The world is growing older, not only in terms of a time-line but also in terms of population demographics: the elderly are becoming an increasingly large segment of the population in the vast majority of western countries. This is due to numerous factors: low birth rates, fewer deaths due to infectious diseases, and an increasing ability of medicine to cope with the chronic degenerative pathologies: cardiovascular disease and cancer.
Clinically the reality is changing, in that we are often seeing more patients with both cardiovascular and oncologic disease. The cardiologic complications of anti-neoplastic therapy are moving into the limelight as cancer patient survival increases [1]. This has drawn the attention of internal medicine, as indicated in the article by Raschi and De Ponti [2] in this issue of IAEM. Originally, the cardiotoxicity associated with classic chemotherapies was just one of the numerous severe complications to these approaches, and survival of oncologic patients was low, so that cardiac complications were not a major concern. The advent of targeted therapies in cancer, together with classic approaches, has increased survival of cancer patients, but has also broadened the problems of cardiotoxicity. What was considered to be a “normal” cardiovascular (CV) event must now be seen in a different light, with greater concern, as this may be the critical problem that the patient, and physician, whether internist, cardiologist or oncologist, must overcome in a complementary and integrated way. The therapeutic combination where cardiotoxicity gained clinical recognition was that of the HER2 targeted agent, trastuzumab, in combination with anthracylines in therapy of breast cancer patients, where a synergy between concurrent use of these two drugs, highly effective in breast cancer but also highly cardiotoxic, led to progressive dismissal of this regimen for sequential schedules. One could envision use of less cardiotoxic HER2 inhibitors, such as lapatinib, in patients at risk [3], although lapatinib is associated with other toxicities.
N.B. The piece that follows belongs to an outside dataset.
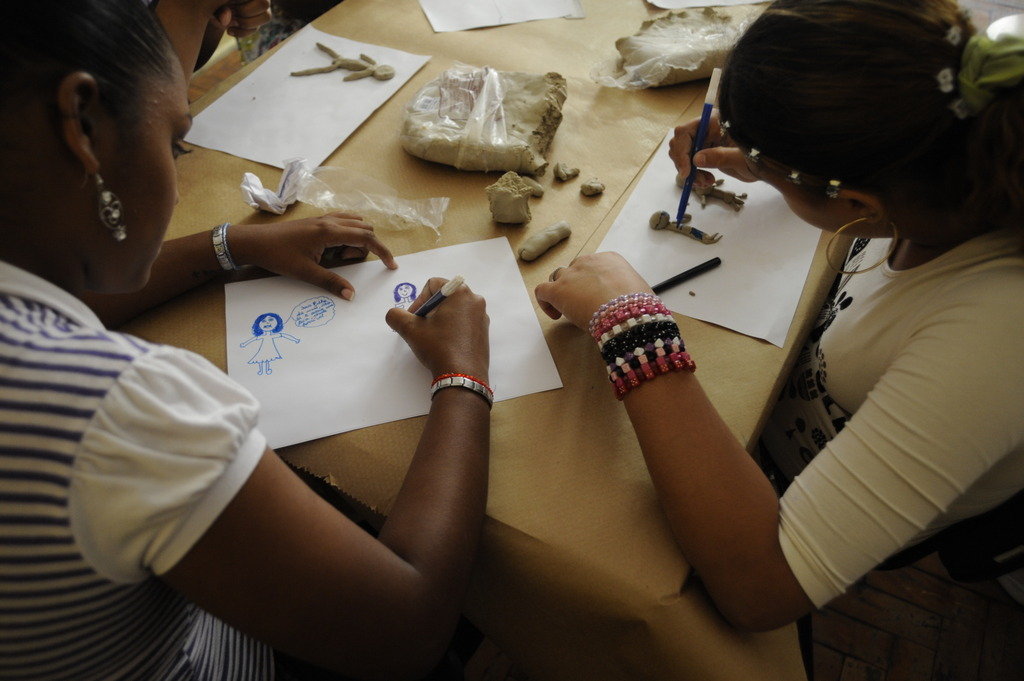 Empower 100 High Risk Teen Mums in Sao Paulo City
There is a basic problem: clinical oncologists and cardiologists “speak” rather different “languages”, the two disciplines are both quite complex per se, thus there is a gap in communication that requires the attention of internists as a bridge between these two disciplines. The cardiotoxicity of oncology therapy has given rise to a field now known as cardio-oncology. However this field, rather than presuming the existence of one specialist with global knowledge, usually refers to teamwork, where the oncologist must be aware of the risk for CV events, ask for a CV evaluation before therapy and CV monitoring during treatment. We must also keep in mind that drug-induced events such as hypertension and thromboembolism are part of the cardio-oncologic spectrum, and care and prevention of these conditions are areas where the internist plays a critical role [4].
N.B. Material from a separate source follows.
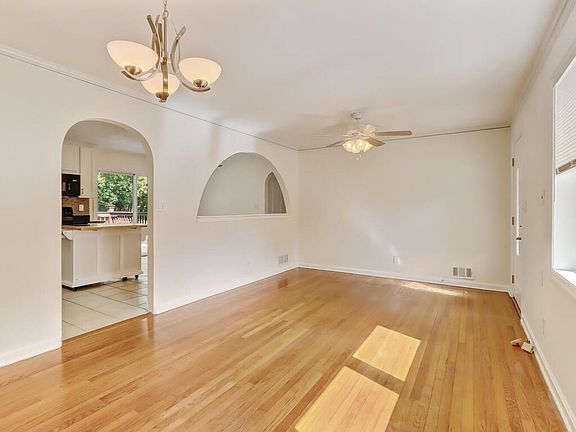 3rd image of 2208 Fellowship Ct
The cardiotoxicity problem often arises late in the game, when the drug is already on the market or about to be approved. One problem is the reporting of adverse events, it has been suggested that nearly 40% of serious adverse events in pivotal oncology trials are not reported, and almost 50%, not described in the initial drug labels [5]. Oncologists tend to under evaluate adverse events that are not strictly related to progression of the oncologic disease. In particular, adverse CV events need to be paid more attention. In trials of drugs for therapy of diabetes, CV events are very closely monitored, as it would be expected with a high-risk group that has a reasonable life expectancy. Now that the survival of cancer patients is increasing, we need to consider the oncology patient as a high-risk group, although some are clearly at much higher risk than others. Current recommendations ask for monitoring of Q–T intervals, however this has been very controversial for assessing cancer chemotherapy-associated cardiotoxicity. Unlike in diabetes [6], Q–T interval changes do not correlate well with, nor predict, most severe CV events in the oncology patient in therapy [1]. The choice of Q–T monitoring may also be due in part to the associated low cost, but analysis of troponins [7], also relatively inexpensive and not invasive, as well as echography, can provide key clinical information [1]. Routine echographic analysis should become an integral part of cardio-oncologic examination prior to and during therapy, including serial left ventricular ejection fraction (LVEF) analyses.
We are lacking a full range of markers for determining onset and extension of adverse CV events. Troponin evaluates cardiomyocyte death, but as pointed out above, this is one of many mechanisms involved in cardio-oncologic complications. Brain natriuretic peptide (BNP) is a sensitive marker, but not specific, as it is often elevated in renal function impairment (another complication in cancer therapy), and in other pathologies. Development of biomarkers must become a priority [7].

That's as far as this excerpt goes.